First of all, let's break down the plot: In a nutshell, the film is set in the future, following a time when humans have failed in an experiment to stop global warming, instead inviting an Ice Age that destroys all life on Earth save for one train-full of people. This particular train is special, mind you, because it's got a perpetual-motion engine ... and that engine produces all the heat, so the front of the train is the place to be. Except, there's a stratus to this thing, and at the tippy-top of the heater hierarchy is Mason (Tilda Swinton), the frigid — pardon the pun — H.B.I.C. on this locomotive.
Naturally, revolution ensues, led up by Curtis (Chris Evans) and his freezing friends.
Adding to that info, this animated prequel helps to sheds some light on that "failed experiment" that covered the world in ice like this. Evidently, things were not so different than they are in real-life present day — iPads and 7up were apparently still in — except that to solve the issue of global warming, people weren't so much going for hybrid vehicles and rechargeable batteries as they were counting on a rocket called the CW-7 to launch away all their problems. It did not end well. Sort of a reverse Pompeii situation, from the looks of this thing.
The real drama and violence, though, followed with the selection of which people get onto the dang train before it was too late. The humanity!
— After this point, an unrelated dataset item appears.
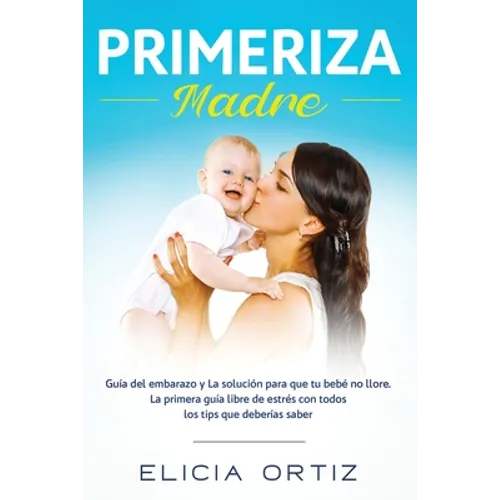 Madre primeriza: Guía del embarazo y la solución para que tu bebé no llore: La primera guía libre de estrés con todos los tips que debe - Paperback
Interestingly enough, the prequel is told from the perspective of a 17-year-old named Yona (Ah-sung Ko in the film), recalling the adventures of her father, who is presumably Kang-ho Song's Namgoong Minsu, the "security specialist" employed by Pine's Curtis to overthrow the wench up front.
What a ride.
"Snowpiercer" also stars Jamie Bell, Alison Pill, John Hurt, Octavia Spencer, Ed Harris and Luke Pasqualino and hits S. Korean theaters on Aug. 1. The film's domestic release date has not yet been set by its distributor, The Weinstein Company.